Pelican
- Southern's advertisement touting the Pelican service

Overview
- Service type: Inter-city rail
- Status: Discontinued
- Locale: Northeastern United States/Southeastern United States
- Last service: 1970
- Former operator(s): Southern Railway

Route
- Termini: New York, New York New Orleans, Louisiana
- Distance travelled: 1,114 mi (1,793 km)
- Average journey time: Southbound: 36 hrs 40 min; northbound: 38 hrs 50 min
- Train number(s): Southbound: 41; northbound: 42

On-board services
- Seating arrangements: Reclining seat coaches
- Sleeping arrangements: Open sections, roomettes, double bedrooms
- Catering facilities: Diner car, cafe-lounge

= Pelican (train) =

Former American passenger rail service

The Pelican was a named train of the Southern Railway which ran from New York City to New Orleans and back until 1970.

==Operations==
The Pelican (train #41) departed New York's Pennsylvania Station going south via the Pennsylvania Railroad to Washington, D.C., then on Southern's line to Lynchburg, Virginia, then to Bristol, Virginia via the Norfolk and Western Railway with a major stop in Roanoke, Virginia and several stops toward Bristol. From Bristol to New Orleans, the Pelican ran on Southern's line with major station stops in Knoxville, Tennessee, Chattanooga, Tennessee, Birmingham, Alabama, and Meridian, Mississippi. South of Birmingham it made more local stops than other Southern Railway trains on the Birmingham-New Orleans route, such as the Southerner.

Train #42, the northbound Pelican, reversed the route.

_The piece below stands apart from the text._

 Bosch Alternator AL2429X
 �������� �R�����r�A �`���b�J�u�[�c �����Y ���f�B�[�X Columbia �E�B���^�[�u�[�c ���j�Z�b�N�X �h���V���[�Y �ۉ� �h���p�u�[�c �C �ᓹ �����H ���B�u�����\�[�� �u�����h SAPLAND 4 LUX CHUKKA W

In 1957, the Pelican carried:
- A New York to New Orleans 10-roomette-6-double-bedroom sleeping car;
- A New York to Knoxville 10-roomette-6-double-bedroom car;
- A Washington to Shreveport 8-section-5-double-bedroom car (handled by Illinois Central Railroad's Southwestern Limited between Meridian and Shreveport);
- A New York to Knoxville 10-roomette-6-double-bedroom car;
- A New York to Bristol 10-roomette-6-double-bedroom car;
- A Washington to Williamson 10-roomette-6-double-bedroom car (handled by Norfolk and Western Railway's Cavalier between Roanoke and Williamson);
- A Petersburg to Bristol 10-section-1-compartment-2-double-bedroom car (handled by Norfolk and Western Railway's Cavalier between Petersburg and Roanoke);
- A Roanoke to Birmingham dining car;
- Washington to New Orleans coaches.

Into the 1950s, the train carried through sleeping cars which would split from the main route at Meridian and continue on the Illinois Central Railroad's Southwestern Limited into central Mississippi and central Louisiana to Shreveport, Louisiana. Timetables referred to section, compartment, and drawing room accommodations carrying from New York to Shreveport

==History==
O. Winston Link recorded the eastbound Pelican arriving in Rural Retreat, Virginia on December 24, 1957. The recording is noted as being one of the last recordings of a Norfolk and Western Class J locomotive as well as the chimes from the nearby church. The actual details are all steam power was discontinued on the Bristol Line (Radford, VA to Bristol, VA) after December 31, 1957. The Class J locomotives continued in passenger service on other divisions until April 1959.

With passenger traffic declining, the Pelican was combined with the Birmingham Special in 1970.